6.-La questione sub b), sollevata dal Pretore di Cecina -possibilità di succedere nel contratto di locazione al coniuge del conduttore defunto, a lui unito da matrimonio religioso non trascritto - e quella sub c) sollevata dal Pretore di Sestri Ponente - successione anche questa mortis causa nel contratto del convivente more uxorio- sono assolutamente identiche dato che la convivenza con il conduttore defunto non riceve diversa qualificazione dalla circostanza che nell'un caso essa sia stata suggellata dal matrimonio religioso non trascritto e nell'altro sia rimasta affidata all'affectio quotidiana.

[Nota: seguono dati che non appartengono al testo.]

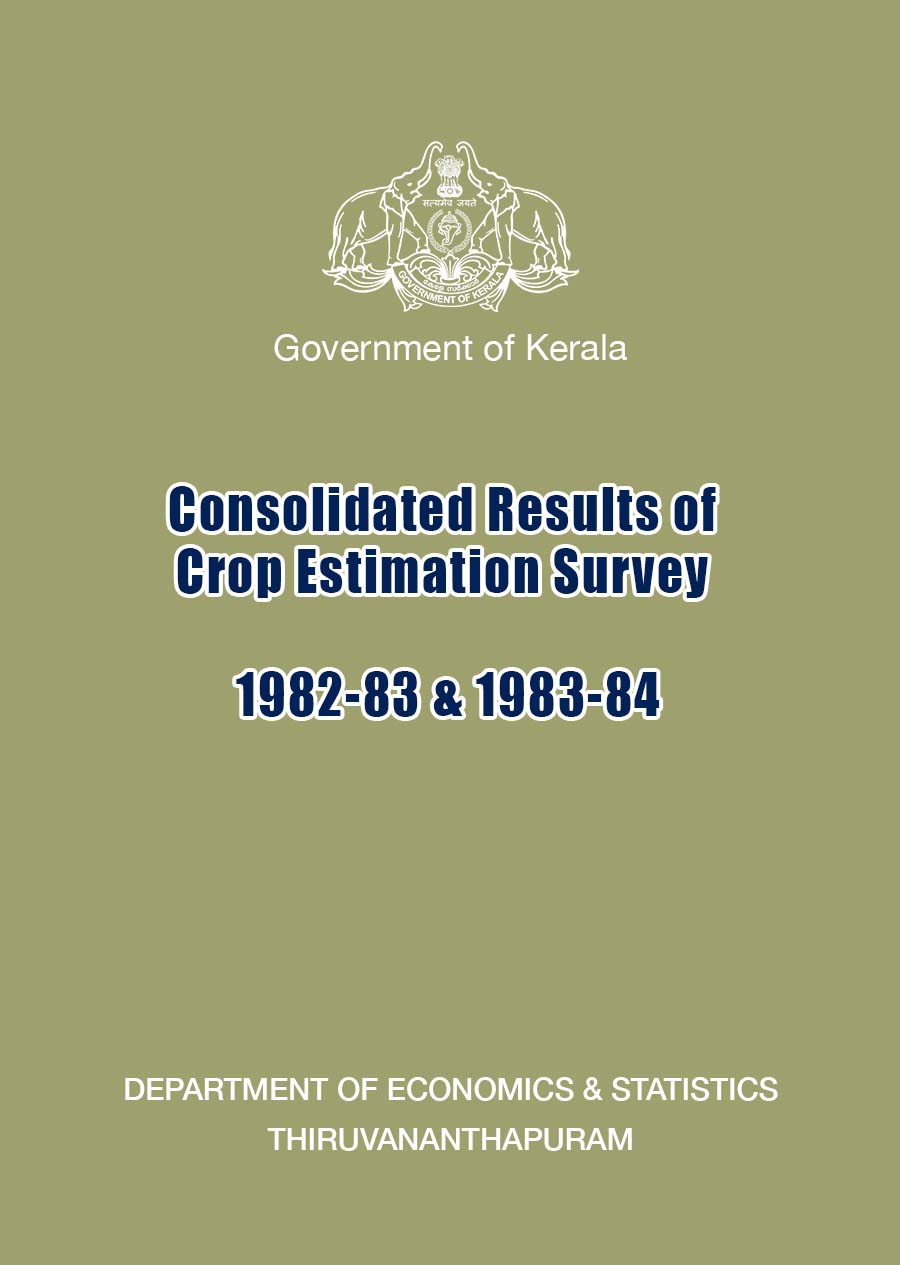 Consolidated Results of Crop Estimation Survey 1982-83 & 1983-84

Nella questione sub d), sollevata dal Tribunale di Firenze, essendo la separazione tra i conviventi more uxorio soltanto una espressione metaforica che indica in realtà la estinzione del rapporto more uxorio, l'esistenza di prole naturale valorizza ulteriormente la ratio decidendi per la conservazione dell'abitazione alla residua comunità familiare.
Nella questione sub a), sollevata dal Pretore di Rodi Garganico, la separazione di fatto tra coniugi non dovrebbe avere alcuna rilevanza esterna, restando quella locata la casa coniugale. Ma essendosi convenuta tra i coniugi la conservazione dell'abitazione per uno solo di essi, la fattispecie, in base al principio di razionalità di cui all'art. 3 della Costituzione non può ricevere trattamento diverso da quello disposto per le ipotesi previste dal terzo comma dell'art. 6 della legge 392 del 1978 che recita: <In caso di separazione consensuale o di nullità matrimoniale al conduttore succede l'altro coniuge se tra i due si sia così convenuto>.
Rispetto al bene primario dell'abitazione che la ratio legis salvaguarda, il titolo della separazione, di fatto o consensuale, non può avere effetto discriminatorio senza vulnerare ancora una volta il combinato disposto degli artt. 2 e 3 della Costituzione nella configurazione su richiamata.
Che la separazione di fatto non comporti l'evidenza documentale di quanto convenuto tra i coniugi, come nella separazione consensuale, provveduta di verbale e di decreto di omologazione, non é ragione sufficiente per giustificarne l'assenza dalla previsione legale. L'accordo o l'atto concludente tra i separati di fatto sarà oggetto di prova e il relativo accertamento ristabilirà la parità con l'accordo convenuto nel verbale tra i separati con separazione consensuale omologata.
PER QUESTI MOTIVI
LA CORTE COSTITUZIONALE
dichiara la illegittimità costituzionale dell'art. 6, primo comma, della legge 27 luglio 1978, n. 392 (<Disciplina delle locazioni di immobili urbani>), nella parte in cui non prevede tra i successibili nella titolarità del contratto di locazione, in caso di morte del conduttore, il convivente more uxorio;
dichiara la illegittimità costituzionale dell'art. 6, terzo comma, della legge 27 luglio 1978, n. 392, nella parte in cui non prevede che il coniuge separato di fatto succeda al conduttore, se tra i due si sia così convenuto;
dichiara la illegittimità costituzionale dell'art. 6 della legge 27 luglio 1978, n. 392, nella parte in cui non prevede la successione nel contratto di locazione al conduttore che abbia cessato la convivenza, a favore del già convivente quando vi sia prole naturale.
Così deciso in Roma, in camera di consiglio, nella sede della Corte costituzionale, Palazzo della Consulta, il 24/03/88.
Francesco SAJA, PRESIDENTE
Francesco Paolo CASAVOLA, REDATTORE
Depositata in cancelleria il 07 Aprile 1988.